▶ **PROBLEM REQUIREMENTS**: Leaving pictures aside, set down each line exactly, from the first line of the data to the line with "XXL Original Hollow", both included.

▶ **RECORDS FOR THIS TASK**:
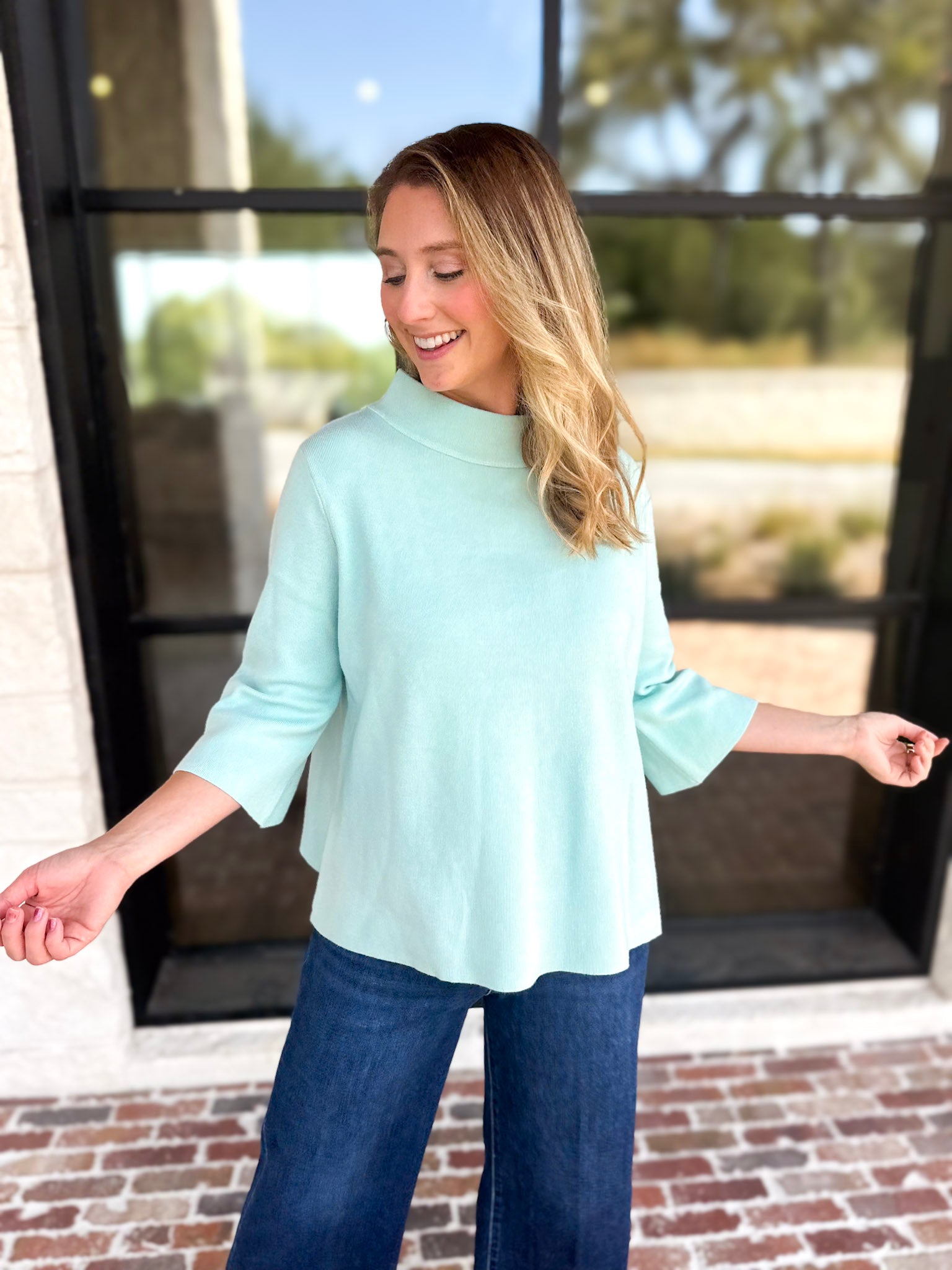 Fresh Start Mock Neck Sweater-230 Sweaters/Cardis-FATE-July & June Women's Fashion Boutique Located in San Antonio, Texas
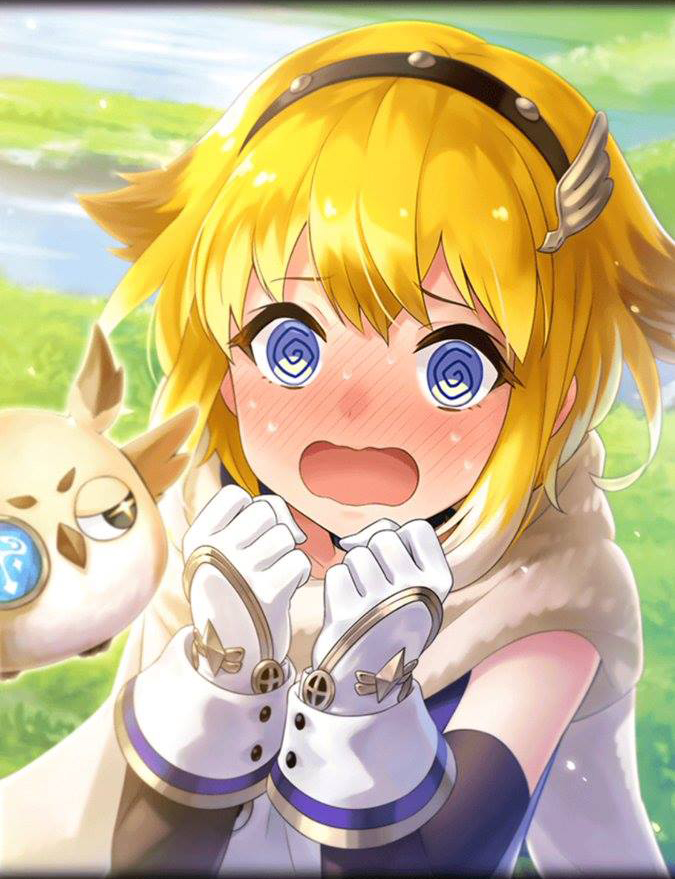 1girl, @_@, animal, artist_request, bird, blonde_hair, blue_eyes, blush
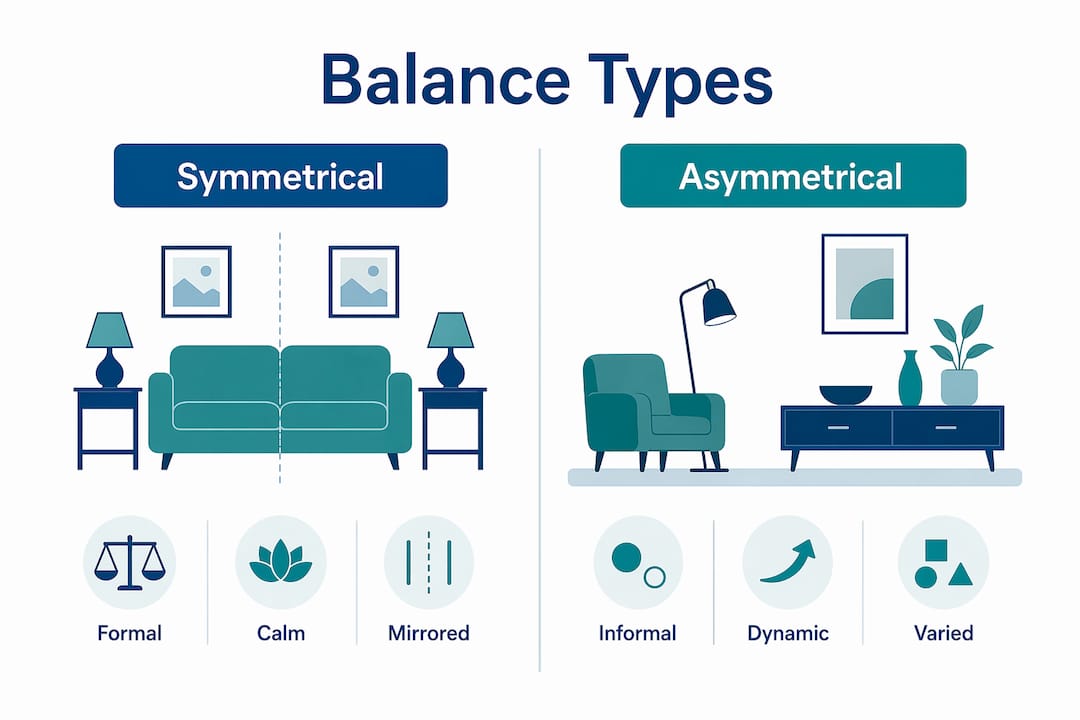 Infographic comparing symmetrical and asymmetrical balance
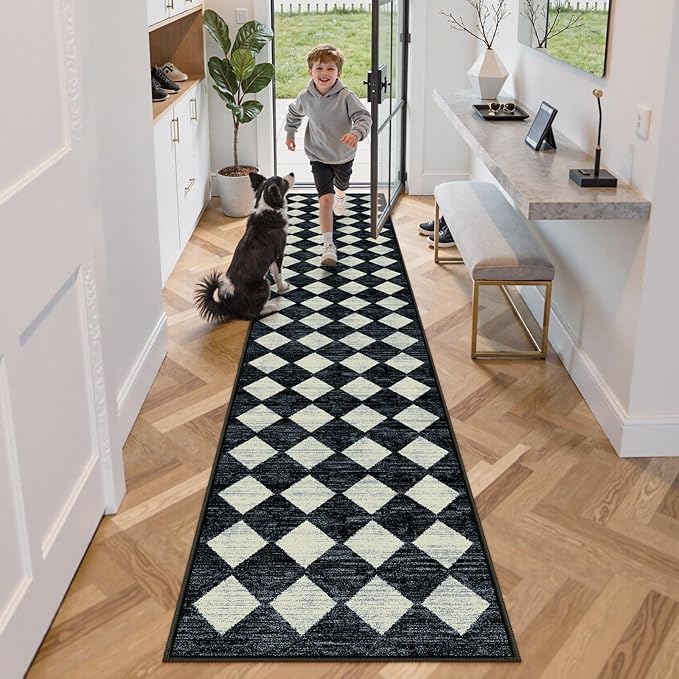 Lahome Checkered Washable 2x12 Runners for Hallways Non Slip, Black Kitchen Bathroom Runner Rugs, Modern Trellis Ultra-Thin Indoor Carpet Runner for Bedroom Dorm Classroom Decor (2'x12',Black)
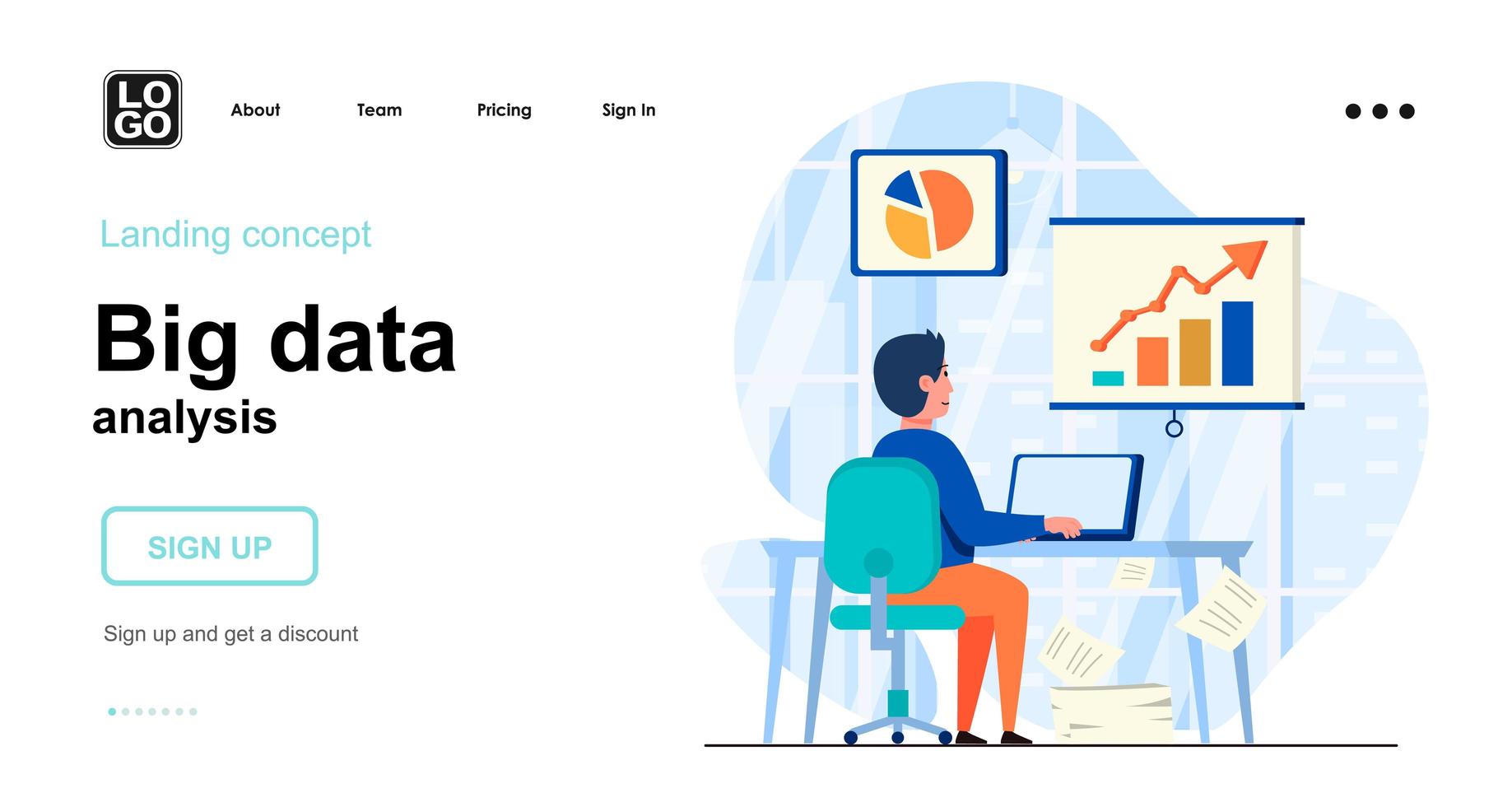 Big Data analysis web concept vector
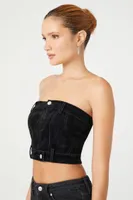 Women's Reworked Cropped Tube Top in Black Large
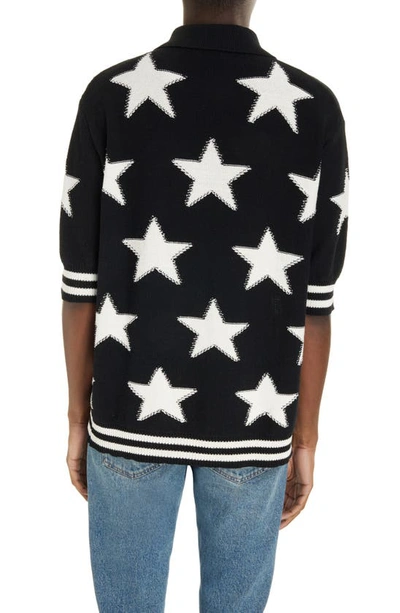 Shop Balmain Star Jacquard Polo Sweater In Eer Black/ Natural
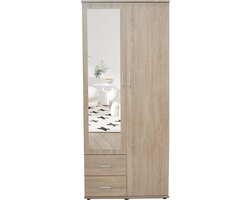 Interiax Kledingkast 'Lena' – 2 Deuren, 2 Lades, 1 Hanger, Spiegel & 1 Legplank | Sonoma Eik | 185x80x52cm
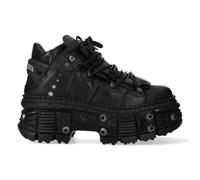 New Rock Unisex Goth Leather Ankle Boots-WALL106-S25 - Black - Size EU 38
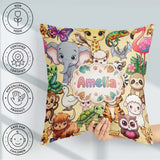 Custom Name Cute Baby Safari Jungle Animals Seamless Pattern Square Filled Cushion Throw Pillow Sofa Bed Home Decor Zip Washable UK Made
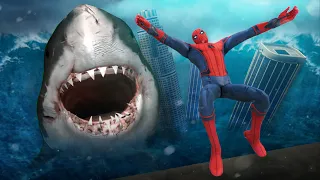 GTA 5 Water Ragdolls | SPIDERMAN Jumps/Fails ep.9 (Flooded LS and Megalodon)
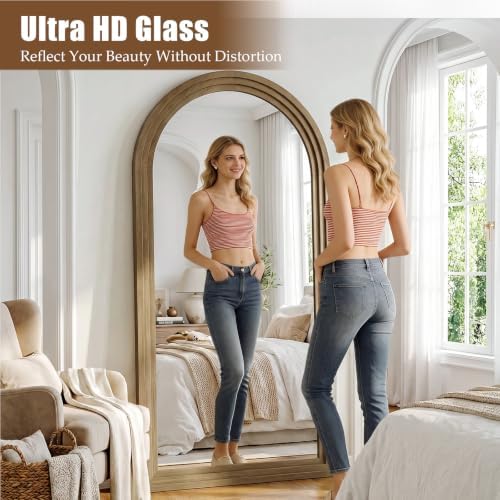 30"x71" Full Length Mirror Solid Wood Frame, Arched Floor Mirror Full Length with Stand, Room Decor Big Full Body Mirror with HD Tempered Glass for Bedroom, Living Room, Light Brown - Image 6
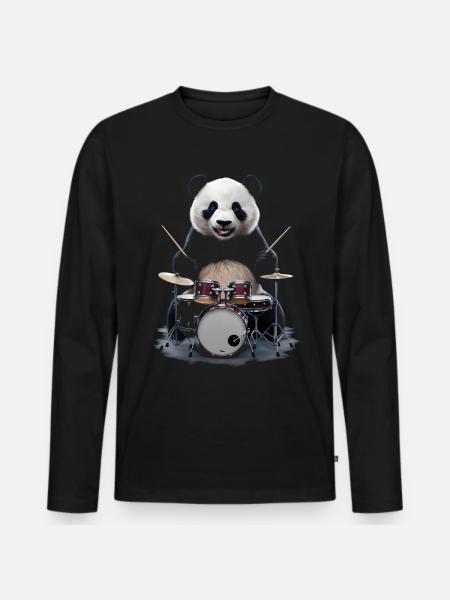 Panda Schlagzeug - Männer Premium Bio Langarmshirt - Schwarz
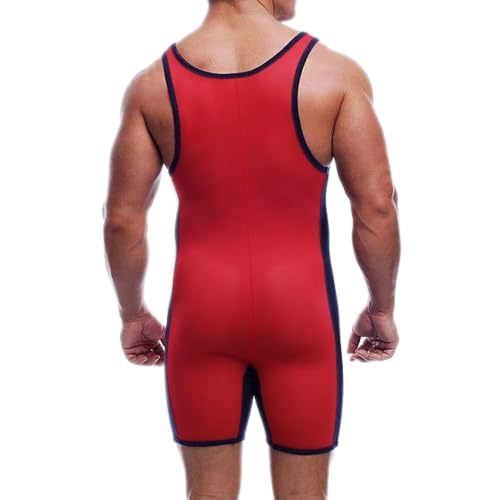 DLSMDOUS Herren Wrestling Unterhemden Ärmellose Sportunterstützer Wrestling Uniform Sport Bodysuit Jumpsuits Zum Spaß 4309 Rot M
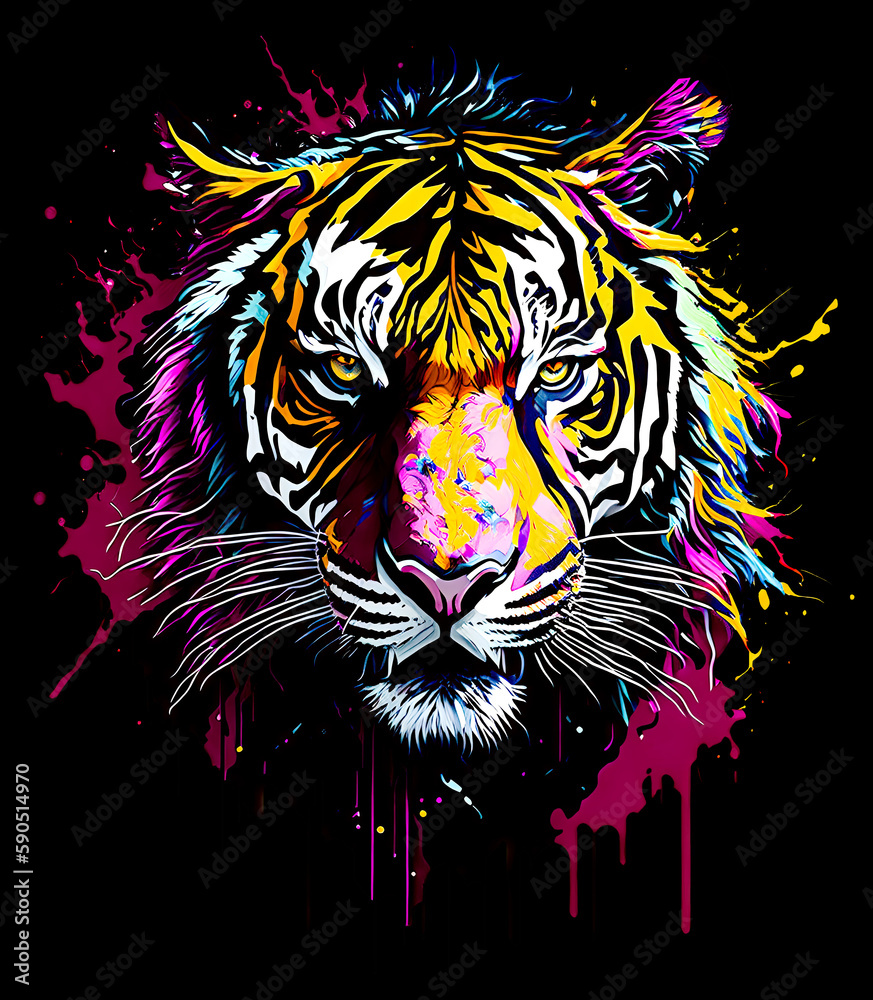 abstract image of a tiger's head in bright multi-coloured colours.  AI generated
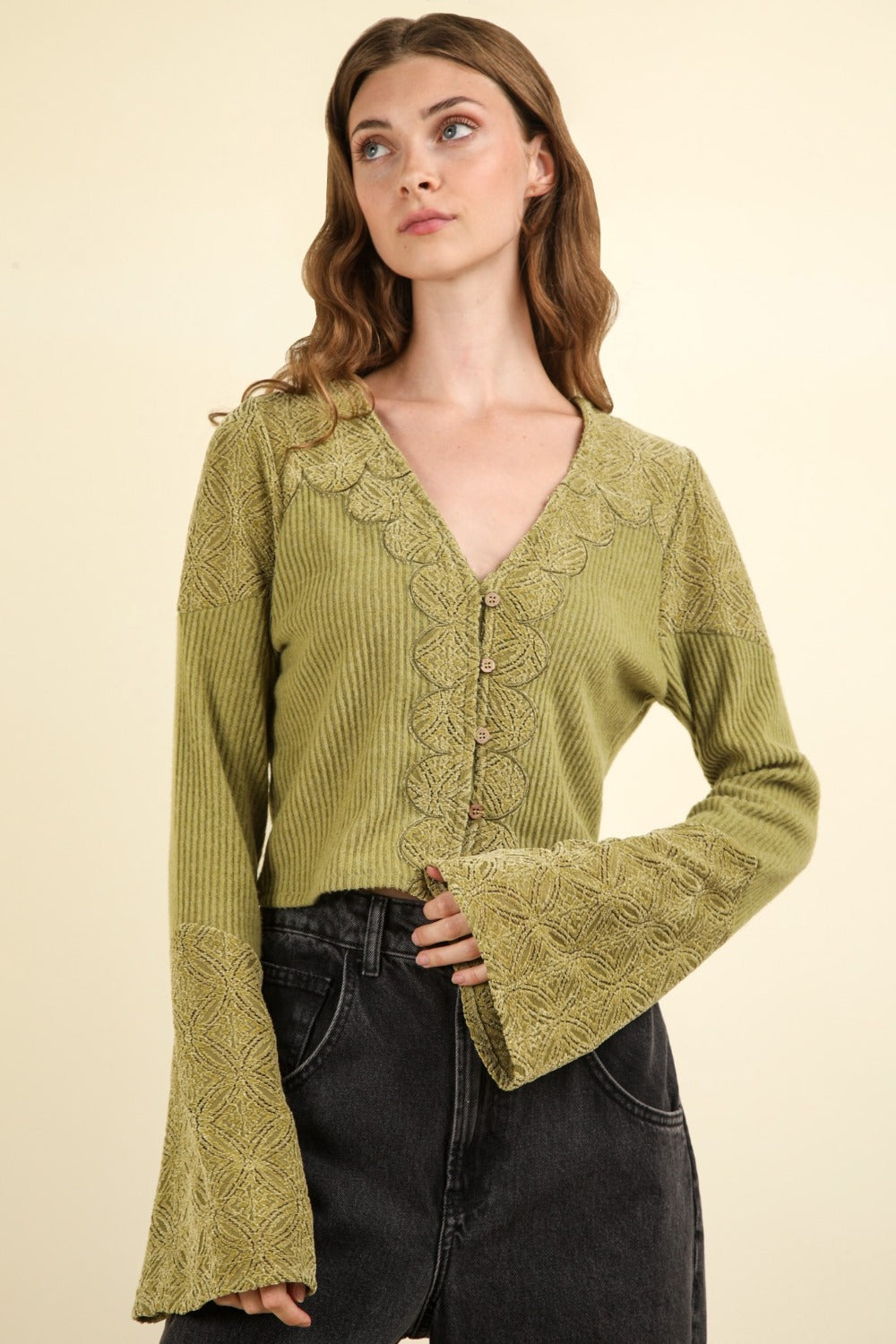 VERY J V-Neck Lace Detail Button Down Crop Ribbed Knit Top Luxe Trendsi   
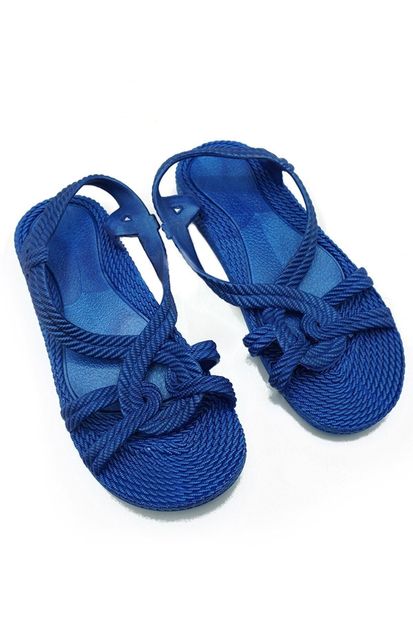 KAŞGAR Kadın Örgü Desenli Mavi Yumuşak Sandalet - 1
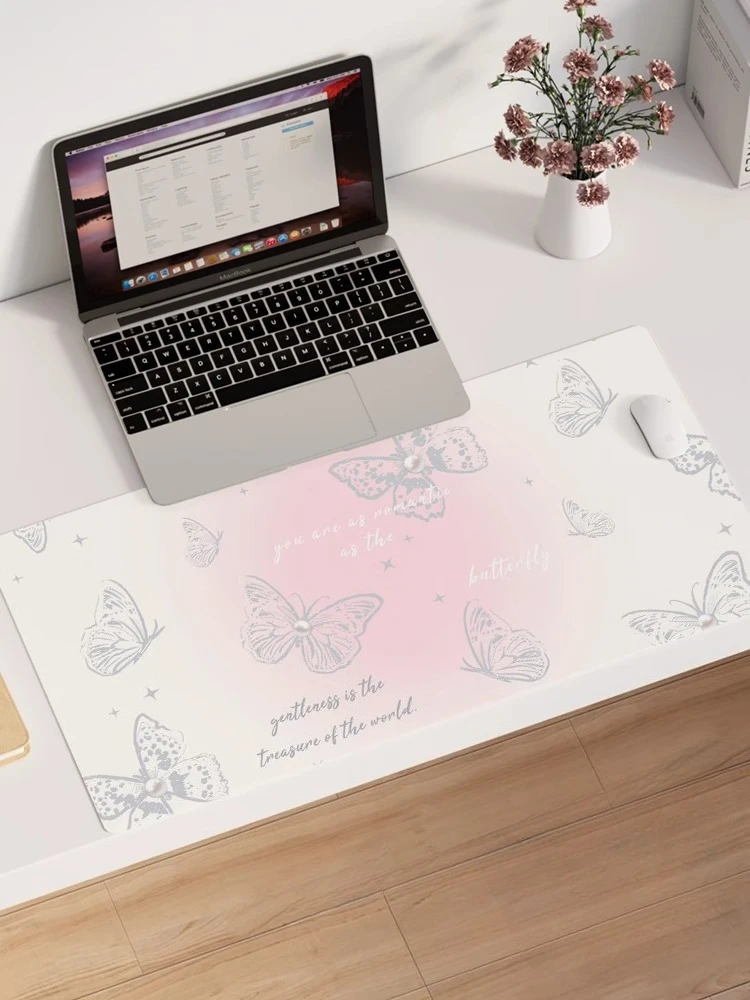 

XXL Original Hollow Butterfly Mouse Pad Leather Desk Mat for Non-Slip Keyboard Pad Computer Mat for Elegant Laptop Decor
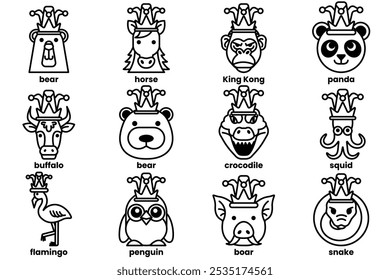 Set of illustrations in the concept of various animals wearing clown hats in a line style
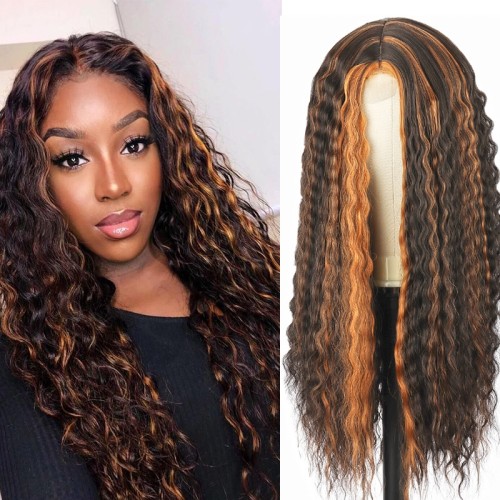 Black Mixed Golden Curly Synthetic Wig RW076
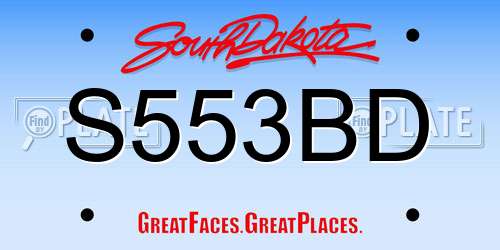S553BD South Dakota License Plate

▶ **EXERCISE RESPONSE**:
 Fresh Start Mock Neck Sweater-230 Sweaters/Cardis-FATE-July & June Women's Fashion Boutique Located in San Antonio, Texas
 1girl, @_@, animal, artist_request, bird, blonde_hair, blue_eyes, blush
 Infographic comparing symmetrical and asymmetrical balance
 Lahome Checkered Washable 2x12 Runners for Hallways Non Slip, Black Kitchen Bathroom Runner Rugs, Modern Trellis Ultra-Thin Indoor Carpet Runner for Bedroom Dorm Classroom Decor (2'x12',Black)
 Big Data analysis web concept vector
 Women's Reworked Cropped Tube Top in Black Large
 Shop Balmain Star Jacquard Polo Sweater In Eer Black/ Natural
 Interiax Kledingkast 'Lena' – 2 Deuren, 2 Lades, 1 Hanger, Spiegel & 1 Legplank | Sonoma Eik | 185x80x52cm
 New Rock Unisex Goth Leather Ankle Boots-WALL106-S25 - Black - Size EU 38
 Custom Name Cute Baby Safari Jungle Animals Seamless Pattern Square Filled Cushion Throw Pillow Sofa Bed Home Decor Zip Washable UK Made
 GTA 5 Water Ragdolls | SPIDERMAN Jumps/Fails ep.9 (Flooded LS and Megalodon)
 30"x71" Full Length Mirror Solid Wood Frame, Arched Floor Mirror Full Length with Stand, Room Decor Big Full Body Mirror with HD Tempered Glass for Bedroom, Living Room, Light Brown - Image 6
 Panda Schlagzeug - Männer Premium Bio Langarmshirt - Schwarz
 DLSMDOUS Herren Wrestling Unterhemden Ärmellose Sportunterstützer Wrestling Uniform Sport Bodysuit Jumpsuits Zum Spaß 4309 Rot M
 abstract image of a tiger's head in bright multi-coloured colours.  AI generated
 VERY J V-Neck Lace Detail Button Down Crop Ribbed Knit Top Luxe Trendsi   
 KAŞGAR Kadın Örgü Desenli Mavi Yumuşak Sandalet - 1

XXL Original Hollow Butterfly Mouse Pad Leather Desk Mat for Non-Slip Keyboard Pad Computer Mat for Elegant Laptop Decor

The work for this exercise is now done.